Twelve days later, USC lost at Oregon State again. This time, for whatever reason, the prom queen's once-adoring friends couldn't run to the exits fast enough.

The Trojans, media darlings for the bulk of this decade, find themselves in the unusual predicament of flying below the radar. Only one of their past five games has been picked up by ABC, and they rarely come up in discussions about the various BCS championship scenarios.

As of now, they're getting boxed out of the title game by a monopoly of Big 12 (Texas Tech, Texas and Oklahoma) and SEC (Alabama and Florida) teams above them. Adding insult to injury, they may get squeezed out of the Rose Bowl, too, by their tormentors from Corvallis, now 7-3.

And everybody seems to be pretty much fine with this -- even their fans.

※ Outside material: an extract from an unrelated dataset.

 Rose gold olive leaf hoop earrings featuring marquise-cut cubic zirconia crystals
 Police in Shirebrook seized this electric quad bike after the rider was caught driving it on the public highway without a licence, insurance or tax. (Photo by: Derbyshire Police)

"The Oregon State loss kind of created this hangover that hasn't gone away," said Ryan Abraham, publisher of the fan site USCFootball.com. "The fans still look out at the national landscape and try to figure out a way where they can go to the national championship [game], but there's not as much complaining [about the Trojans' ranking]. Everyone kind of realizes, all we had to do was beat Oregon State and we wouldn't have these issues."

USC's plight stems from far deeper than just that one game in Corvallis. If that were the case, fans and pundits would rightly point out that 9-1 Florida, currently ranked two spots above the Trojans, suffered a more damning defeat just two days later, losing at home to Ole Miss (currently 6-4).